Quote the lines below exactly, from the one that holds "this 845×569 image." through the final line of the records, and only those.
=== Begin Enclosure ===
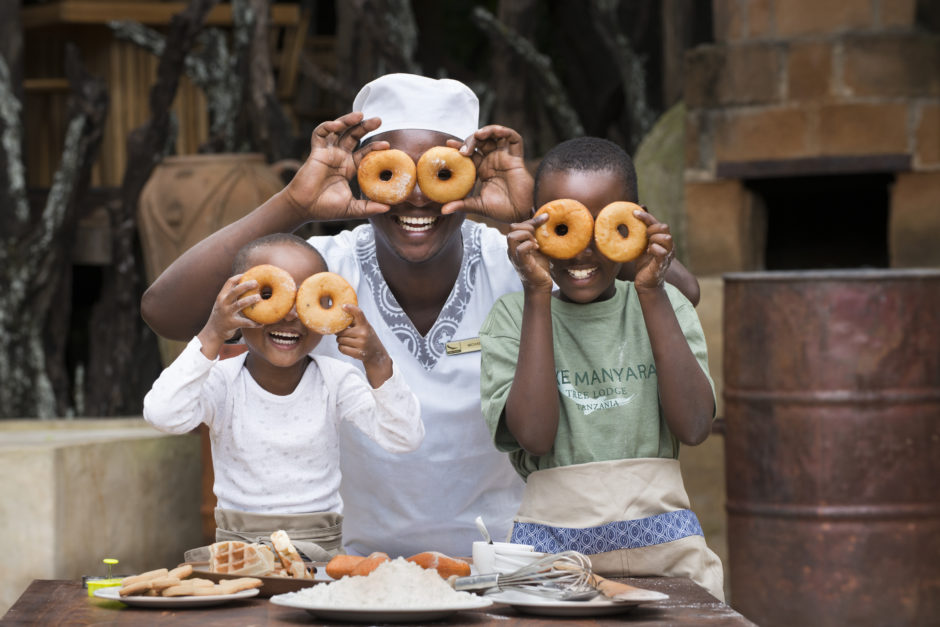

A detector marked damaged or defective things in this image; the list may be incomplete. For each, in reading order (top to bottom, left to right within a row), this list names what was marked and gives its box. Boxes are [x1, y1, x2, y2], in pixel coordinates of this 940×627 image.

rusty metal barrel [724, 270, 936, 627]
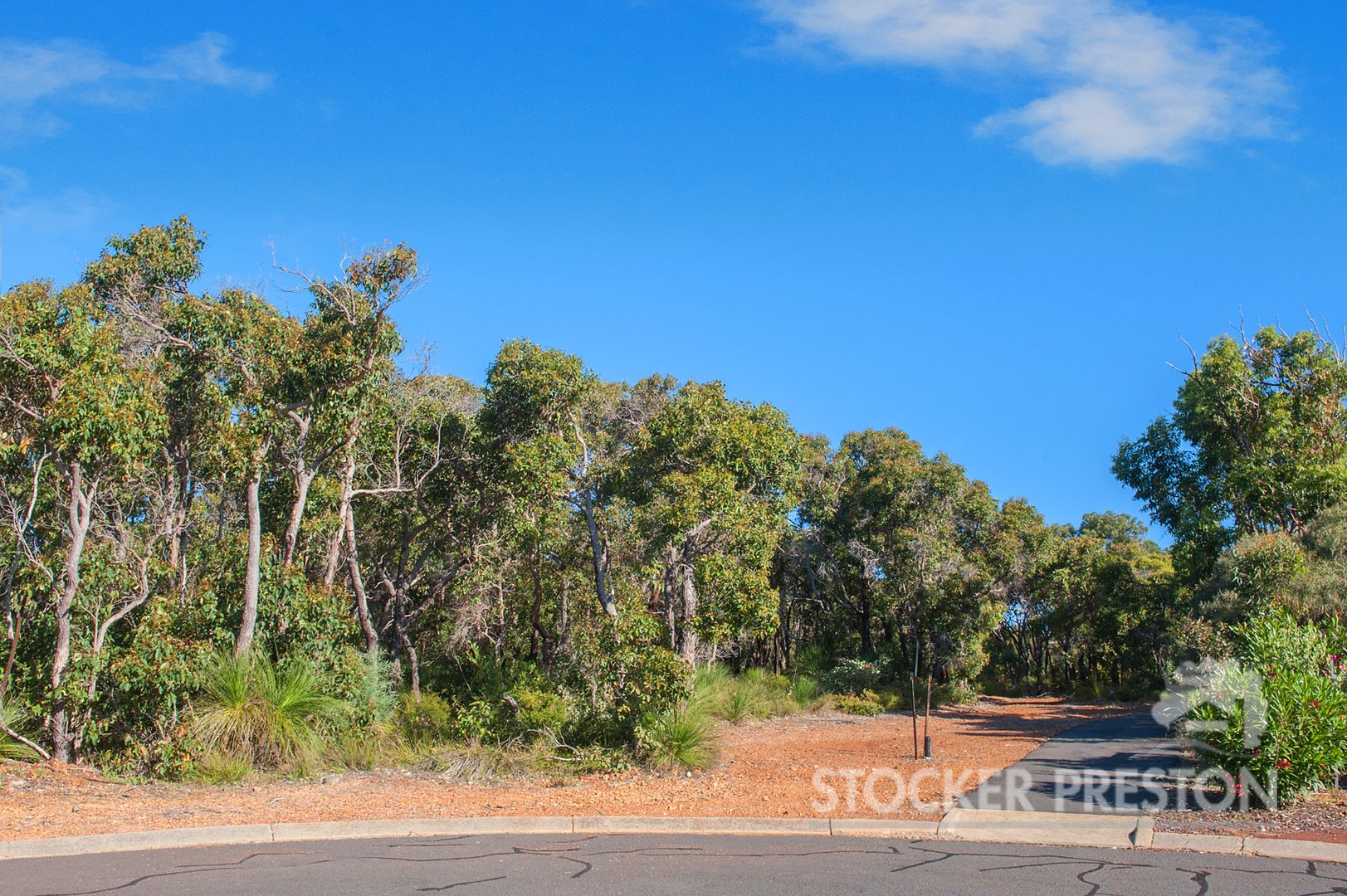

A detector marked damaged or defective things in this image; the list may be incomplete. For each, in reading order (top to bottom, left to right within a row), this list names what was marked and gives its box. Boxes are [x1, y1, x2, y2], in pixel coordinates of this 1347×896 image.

cracked asphalt [5, 830, 1341, 894]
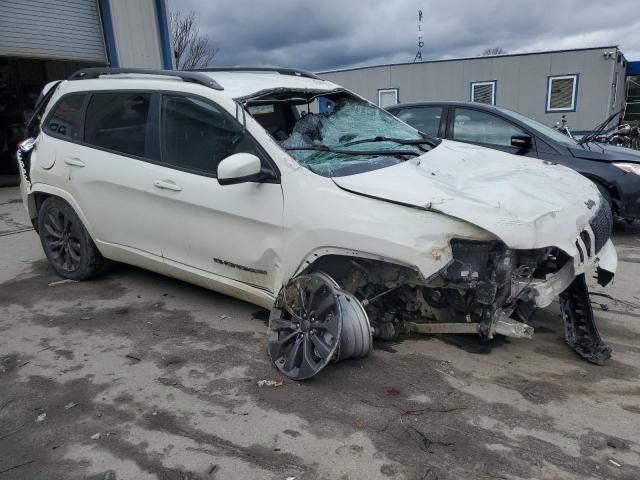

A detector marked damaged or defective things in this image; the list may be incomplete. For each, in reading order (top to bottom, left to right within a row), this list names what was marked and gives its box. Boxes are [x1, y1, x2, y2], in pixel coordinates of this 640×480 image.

shattered windshield [248, 93, 432, 177]
detached wheel [38, 196, 106, 280]
wrecked white jeep cherokee [18, 68, 616, 378]
crumpled hood [332, 140, 604, 249]
detached wheel [268, 274, 342, 378]
cracked asphalt [1, 185, 640, 480]
broken plastic piece [556, 274, 612, 364]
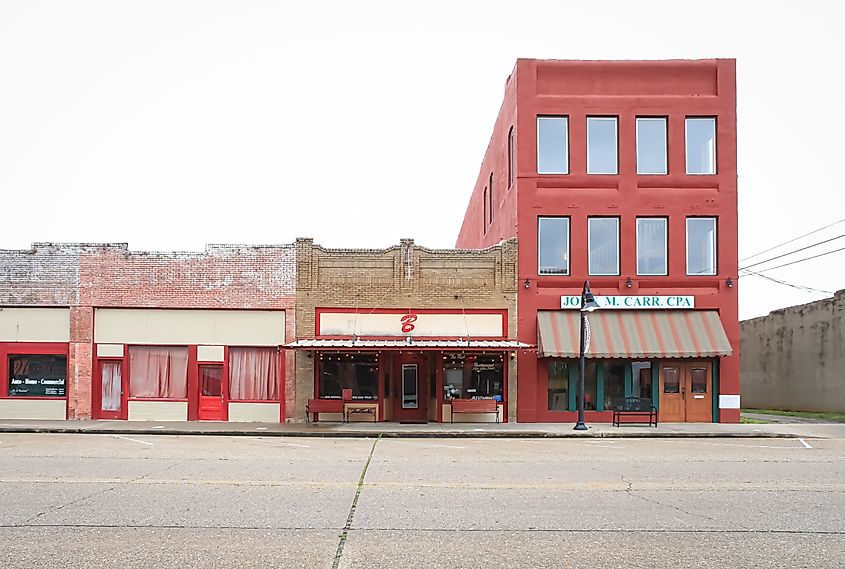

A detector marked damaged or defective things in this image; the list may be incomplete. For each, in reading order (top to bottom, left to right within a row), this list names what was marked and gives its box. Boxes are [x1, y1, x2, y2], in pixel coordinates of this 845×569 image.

crack in pavement [16, 460, 180, 524]
crack in pavement [332, 434, 380, 568]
=== End Enclosure ===
§ **Your response**:
A detector marked damaged or defective things in this image; the list may be incomplete. For each, in reading order (top to bottom, left to right within a row), this list names what was marked and gives its box. Boxes are [x1, y1, x2, y2], in pixel coordinates of this 845×569 image.

crack in pavement [16, 460, 180, 524]
crack in pavement [332, 434, 380, 568]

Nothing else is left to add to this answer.